*WHAT NEEDS TO BE DONE:* Repeat only the lines below from the one that contains "Premium Face Fat" through the final line, exactly. Omit pictures.

Records from a data source
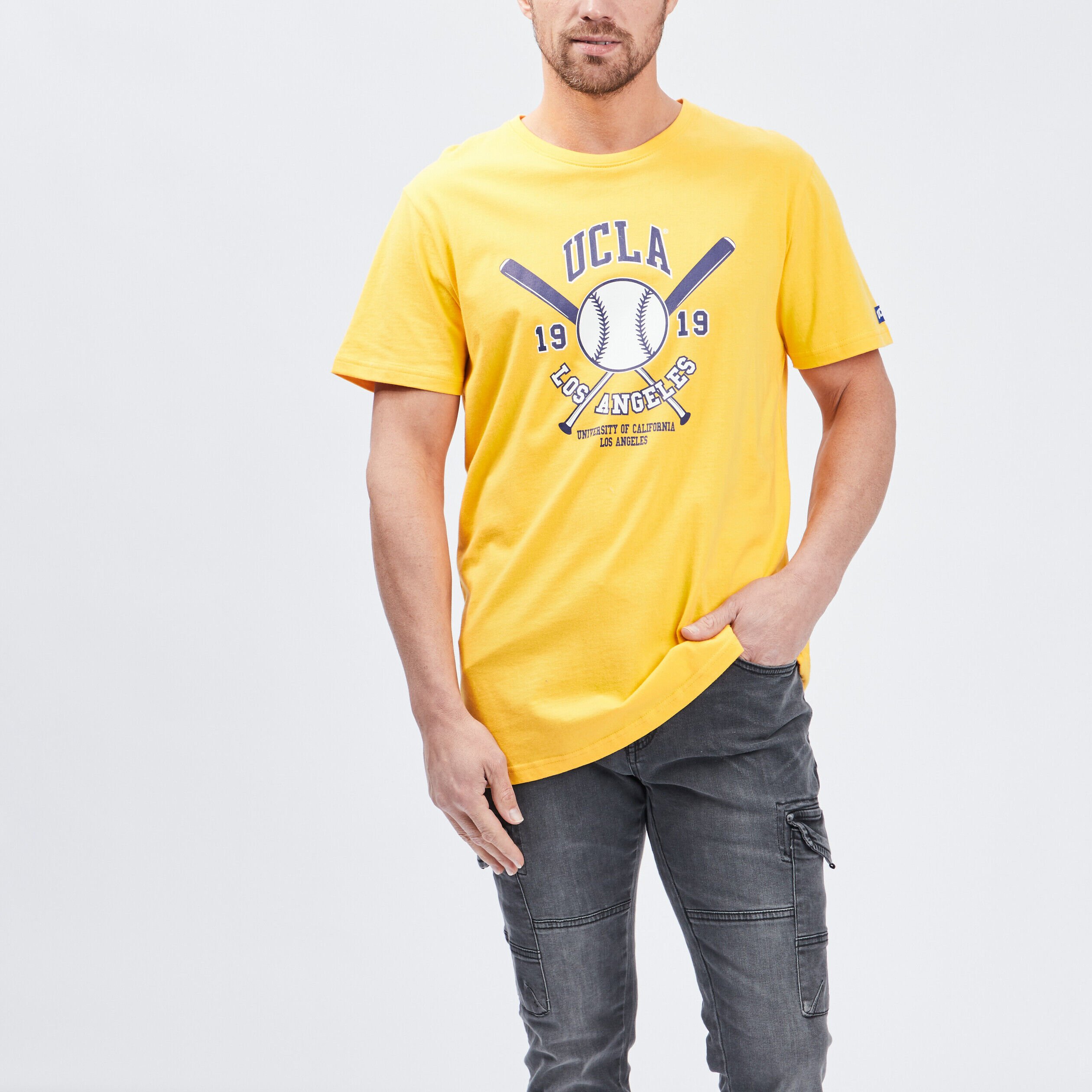 la halle tee shirt homme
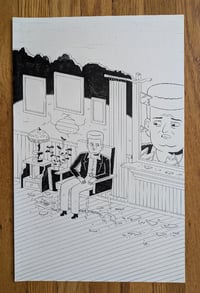 TEDWARD COVER 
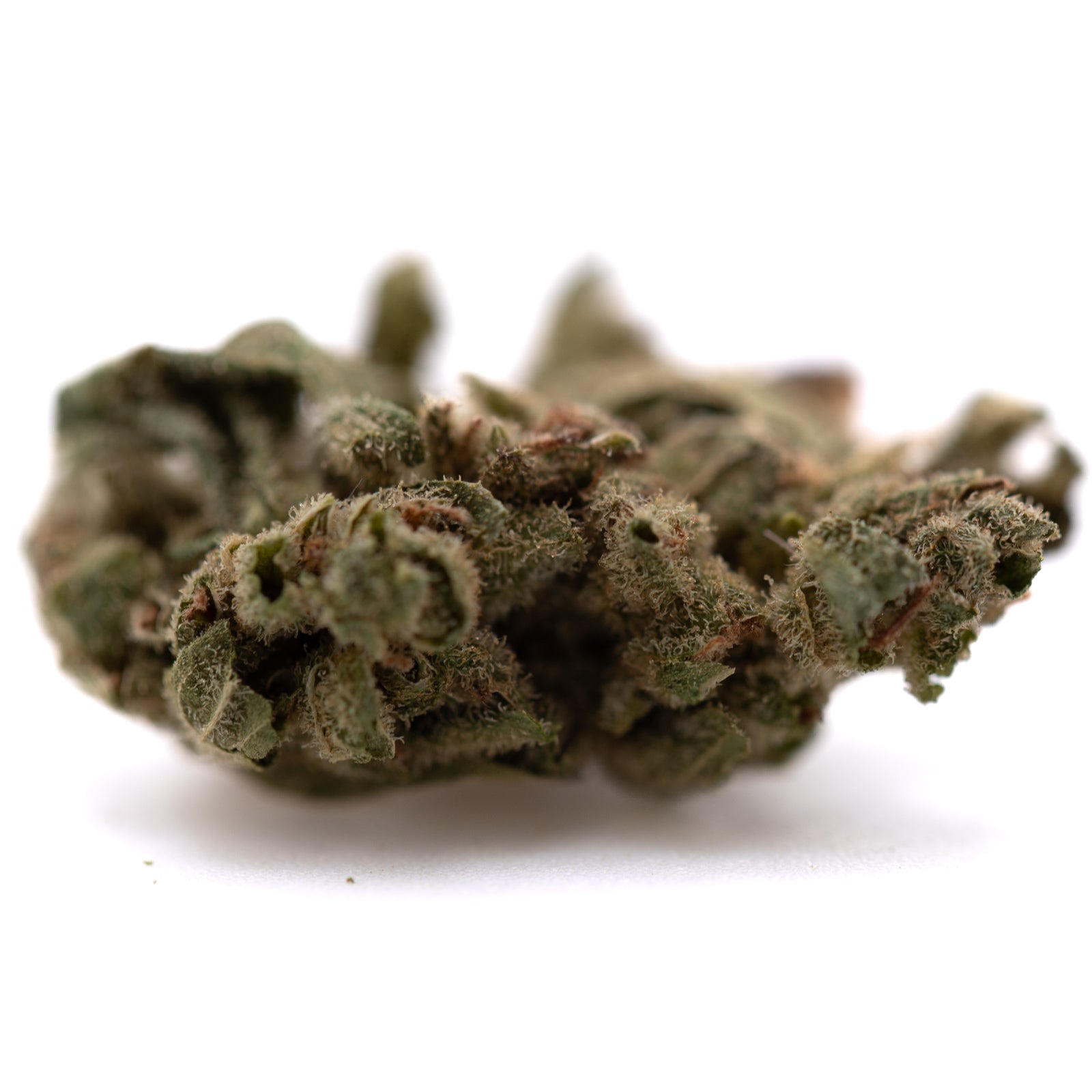 Premium Face Fat THCa Flower Smalls with dense trichomes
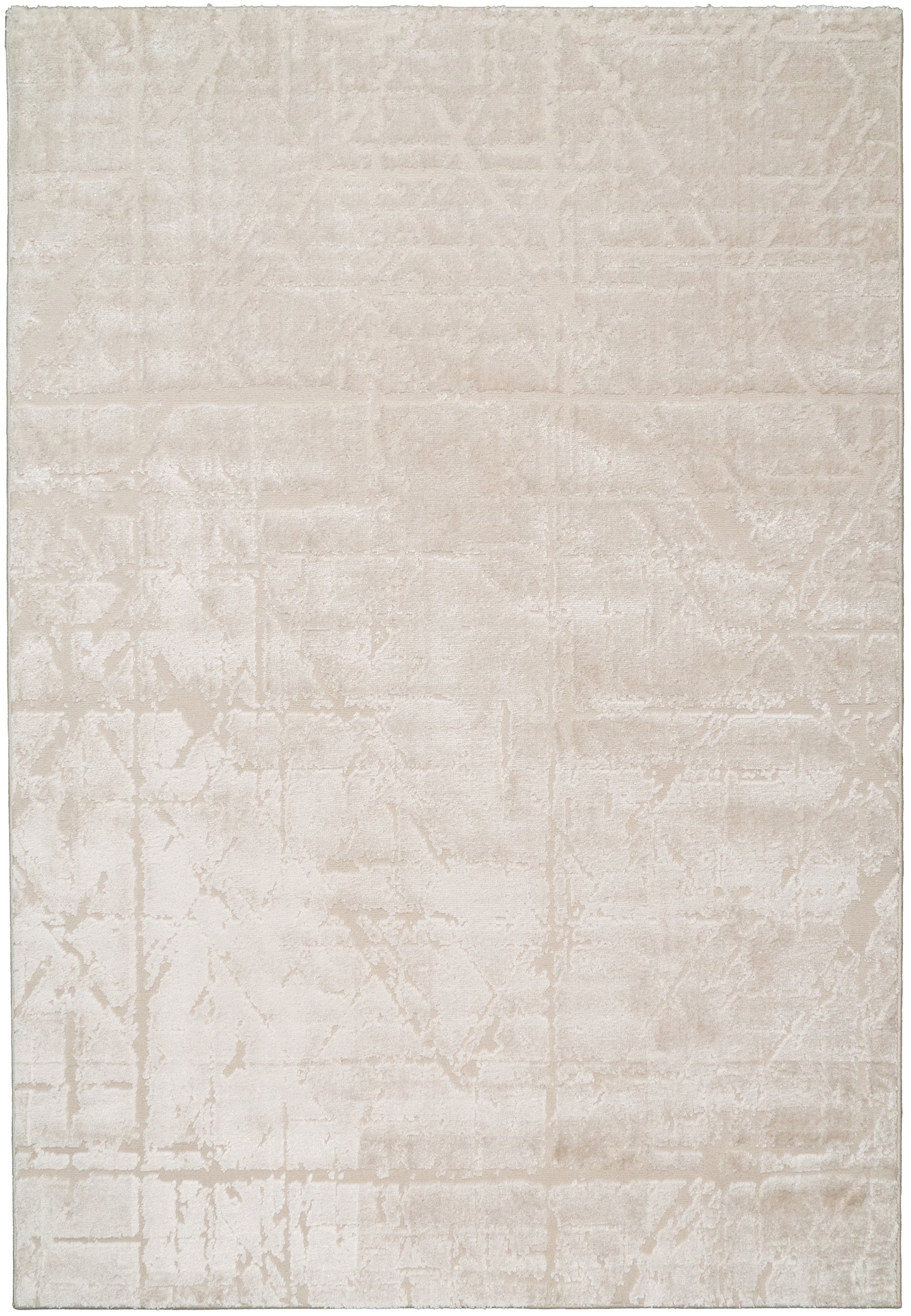 Arten 3750-190 Cream/Grey Area Rug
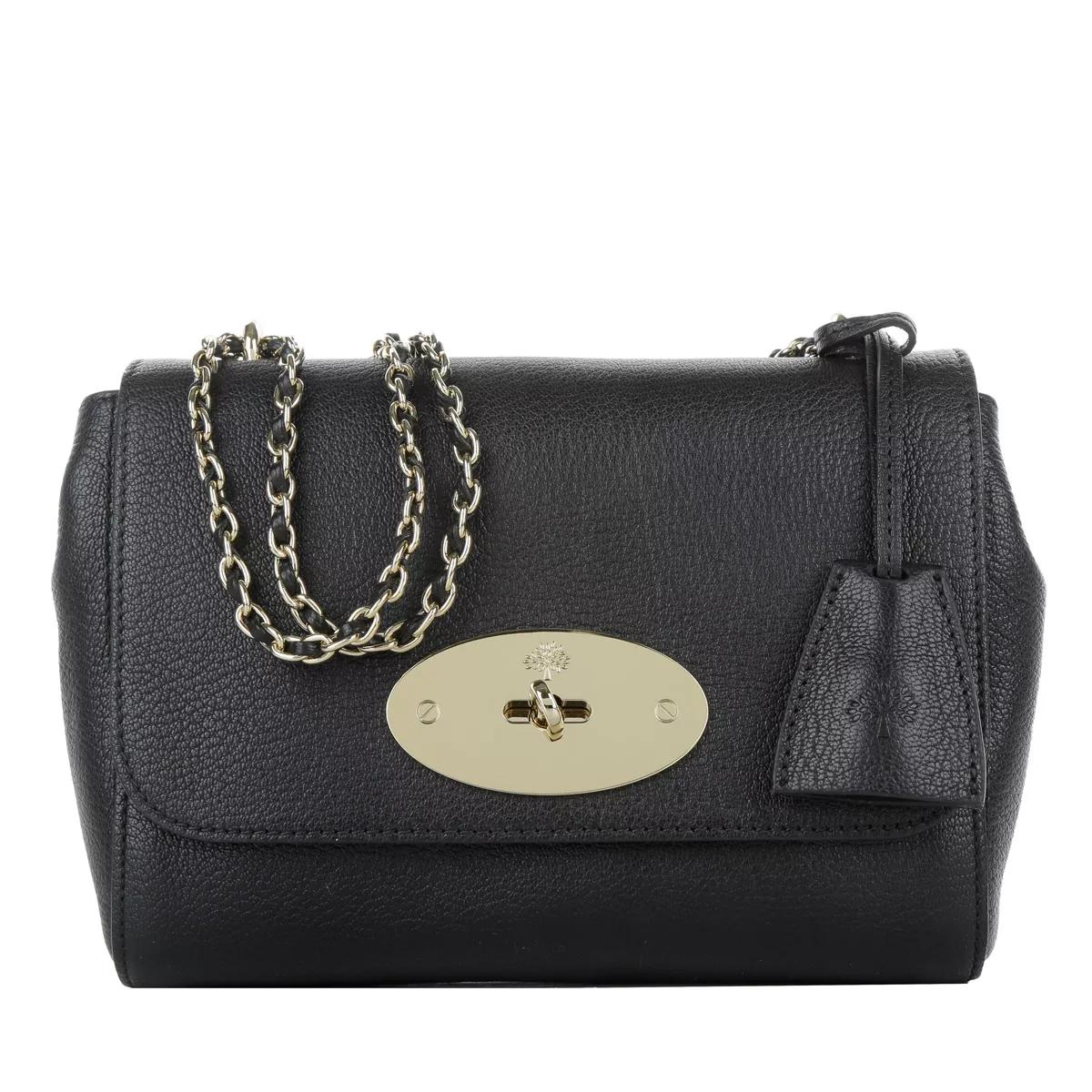 Mulberry Crossbody Bags - Lily - Gr. unisize - in Schwarz - für Damen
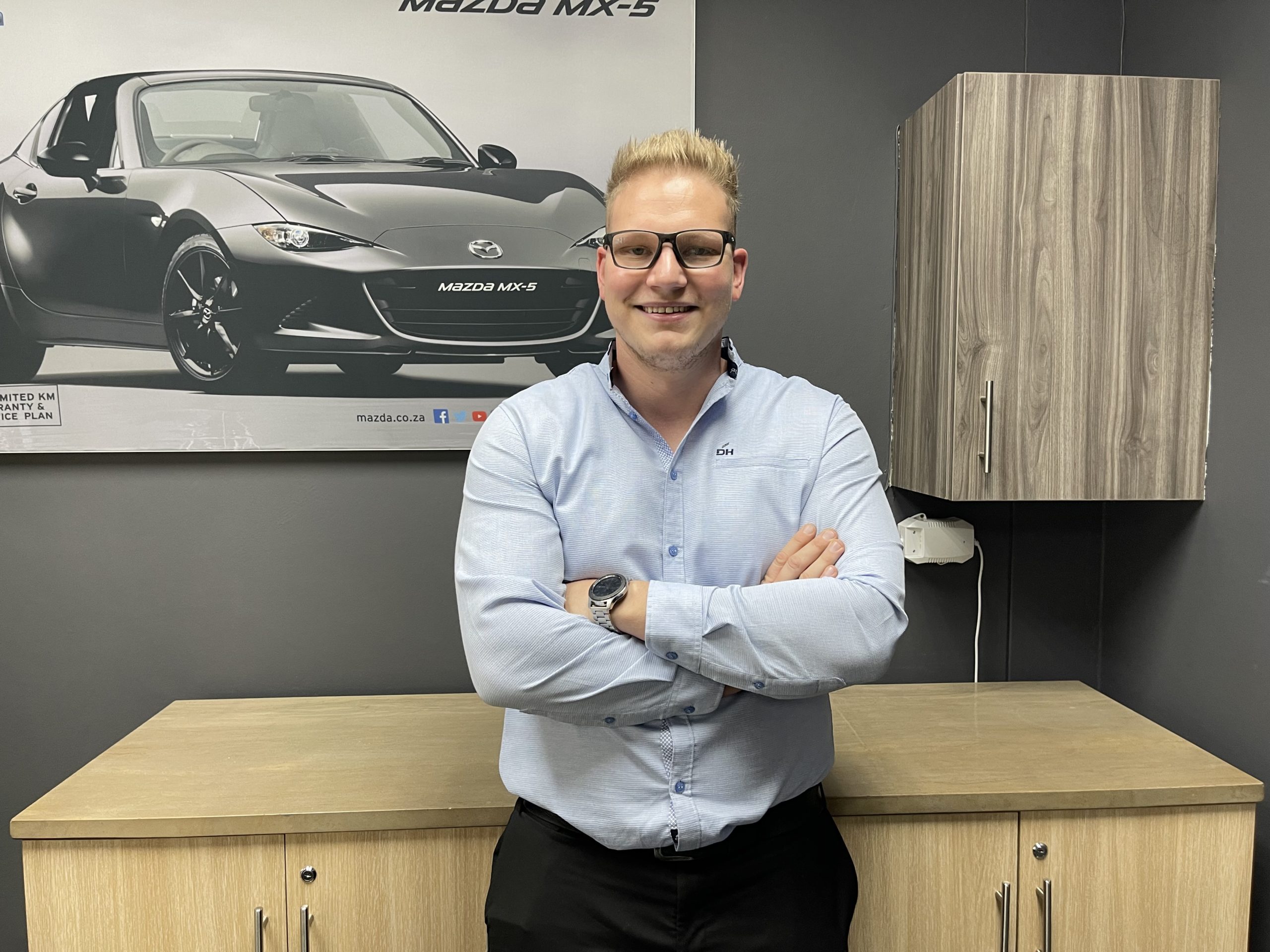 Kyle Erasmus Used Car Manager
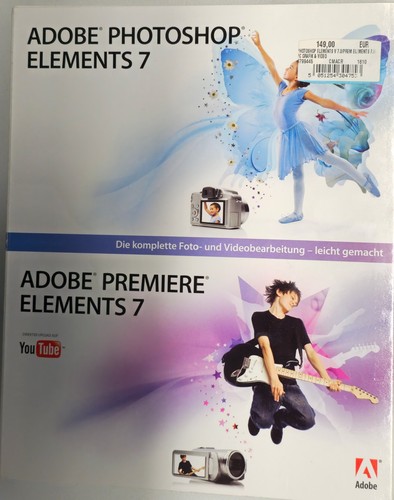 Adobe photoshop elements - elements, 7
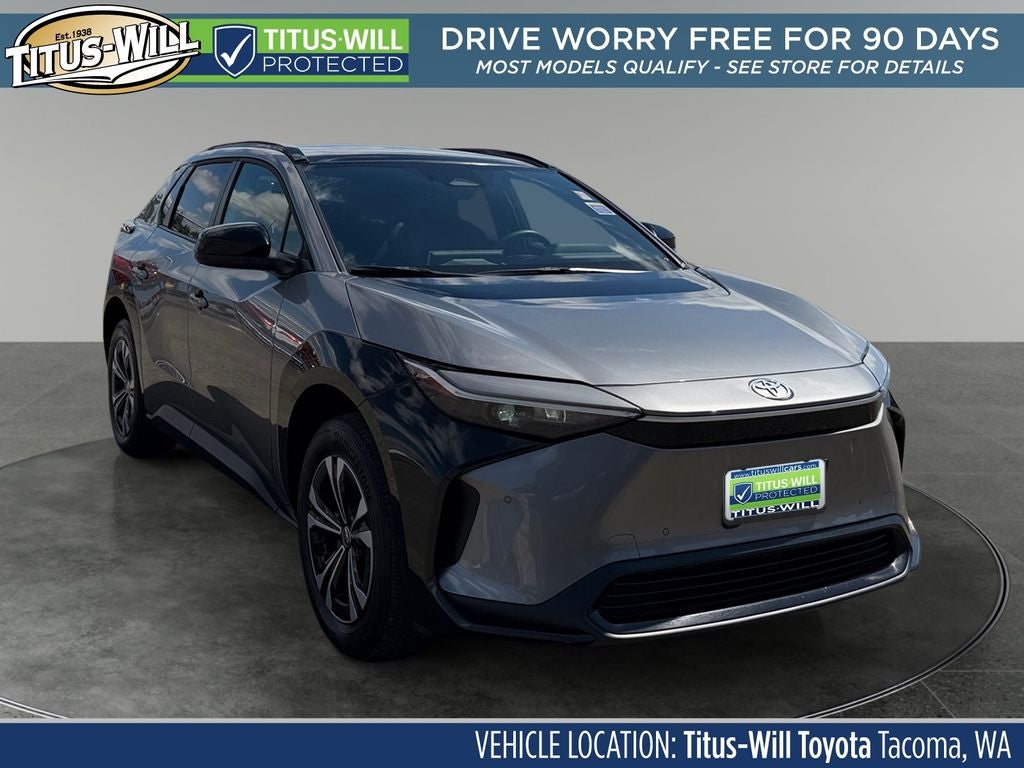 2023 Toyota bZ4X XLE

*EXERCISE ANSWER:*
 Premium Face Fat THCa Flower Smalls with dense trichomes
 Arten 3750-190 Cream/Grey Area Rug
 Mulberry Crossbody Bags - Lily - Gr. unisize - in Schwarz - für Damen
 Kyle Erasmus Used Car Manager
 Adobe photoshop elements - elements, 7
 2023 Toyota bZ4X XLE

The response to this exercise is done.